A lawsuit in New York has brought long-dormant Bitcoin wallets into legal dispute. On May 1, plaintiff Noah Doe filed a lawsuit in New York, seeking court confirmation that 39,069 dormant addresses and their associated assets belong to him. The case invokes New York State laws on abandoned property, centering on the key question: Can self-custodied Bitcoin that has been out of control for an extended period be classified as abandoned property?
The lawsuit involves approximately 3.7 million BTC.
The legal filing states that these addresses collectively hold approximately 3.7 million BTC, valued at around $285 billion based on current prices. The report mentions that the list includes addresses associated with Satoshi Nakamoto, as well as addresses allegedly linked to the Mt. Gox hackers.
The plaintiff claims that in October 2024, he discovered a security vulnerability that he believes caused some wallet holders to permanently lose access to their assets. He subsequently used his own algorithm to identify wallets meeting the criteria for "abandoned" status, reported his findings to the New York Police Department, and spent over a year attempting to locate the original owners.
The plaintiff requests the court to confirm ownership.
The complaint requests the court to issue a declaratory judgment recognizing Noah Doe and his two transferee companies as the lawful owners of these wallets and the assets within them. The documents show that, aside from 18 wallets, all related rights were transferred in December 2025 to a company named ABC Company, which subsequently transferred 17.7% of those rights to XYZ Company.
This case is not a typical asset recovery matter. It attempts to directly apply New York State’s abandoned property rules to on-chain self-custody wallets. Unlike exchange-held assets, these wallets are not maintained on institutional ledgers and lack established procedures for handling dormant assets.
The focus of the case is on the classification of self-custody wallets.
Currently, exchange-held customer assets are typically subject to dormancy and escheatment rules, but courts have not yet established clear precedents on whether similar frameworks apply to self-custody wallets.
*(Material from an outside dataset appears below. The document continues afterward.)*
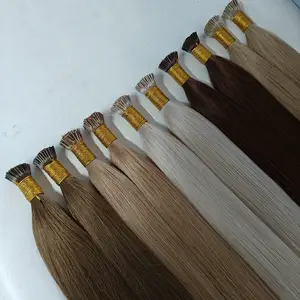 Seamless weft Customized Long i tip hair silky Straight Hair Extensions Bundles Light Blonde Top Grade Russian Remy Ha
As a result, the significance of this case extends beyond a single ownership dispute—it may prompt courts to address for the first time the issue of abandonment of decentralized assets.
However, the report also raises technical concerns. The founder of the on-chain analysis platform Timechain Index noted that the plaintiff sent legal notices to Pay-to-Public-Key-Hash addresses, while many early Bitcoin balances actually reside under a different script format. If this is accurate, the case could face challenges regarding the procedural validity of the notice.
If the court accepts and upholds the plaintiff's claims, the outcome could impact how U.S. state laws handle long-dormant cryptocurrency assets that are no longer held by exchanges.